Near Jacumba Hot Springs, a town of less than 1,000 people, about a dozen people from Latin American countries arrived at a fork in a dirt road around 10 p.m. About 100 Chinese migrants came just before sunrise, many neatly dressed and playfully taking pictures on their phones.

Some of the Latin Americans grumbled quietly when the Chinese lined up ahead of them as Border Patrol vehicles arrived. Previously agents issued colored wristbands that were used to keep track of how long people had been waiting and who was next in line, but that practice was stopped in December.
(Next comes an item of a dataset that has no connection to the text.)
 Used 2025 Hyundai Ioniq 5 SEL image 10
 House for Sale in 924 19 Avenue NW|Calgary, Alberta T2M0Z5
Such staging areas have popped up in remote areas after migrants cross the border where mountainous terrain has prevented barrier construction. Mexican authorities' increased presence in some areas pushed traffic elsewhere in the sparsely populated desert, creating new camps. One new site is a short distance from a gun club, without tents, bathrooms or other services.

San Diego shelters have been unable to house everyone who is released by the Border Patrol with notices to appear in immigration court. San Diego County Supervisor Jim Desmond said more than 143,000 migrants have been released on the streets since Sept. 13, citing Border Patrol data.

From a bus and trolley station where agents leave migrants, it is a short ride to the airport, where they can charge phones and use restrooms before boarding flights to destinations elsewhere in the U.S.